Lines in the entries below where the word "Used" shows up should each be copied.

____________

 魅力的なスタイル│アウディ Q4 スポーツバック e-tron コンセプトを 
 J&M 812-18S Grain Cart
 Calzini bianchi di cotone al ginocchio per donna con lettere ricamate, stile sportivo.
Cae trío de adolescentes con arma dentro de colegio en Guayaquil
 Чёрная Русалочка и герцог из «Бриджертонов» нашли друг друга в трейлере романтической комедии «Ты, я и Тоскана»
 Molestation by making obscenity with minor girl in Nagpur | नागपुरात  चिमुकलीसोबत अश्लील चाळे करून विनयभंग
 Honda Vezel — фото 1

____________

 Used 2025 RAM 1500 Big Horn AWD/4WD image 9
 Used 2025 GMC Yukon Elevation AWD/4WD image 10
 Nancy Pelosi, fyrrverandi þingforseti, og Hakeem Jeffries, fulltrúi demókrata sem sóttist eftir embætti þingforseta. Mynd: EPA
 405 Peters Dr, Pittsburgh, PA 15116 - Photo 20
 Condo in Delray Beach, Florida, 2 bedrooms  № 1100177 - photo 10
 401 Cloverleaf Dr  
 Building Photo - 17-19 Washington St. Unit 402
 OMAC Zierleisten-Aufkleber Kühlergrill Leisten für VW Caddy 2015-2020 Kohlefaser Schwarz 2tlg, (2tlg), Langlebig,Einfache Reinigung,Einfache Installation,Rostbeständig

____________

> Exercise result:
 Used 2025 RAM 1500 Big Horn AWD/4WD image 9
 Used 2025 GMC Yukon Elevation AWD/4WD image 10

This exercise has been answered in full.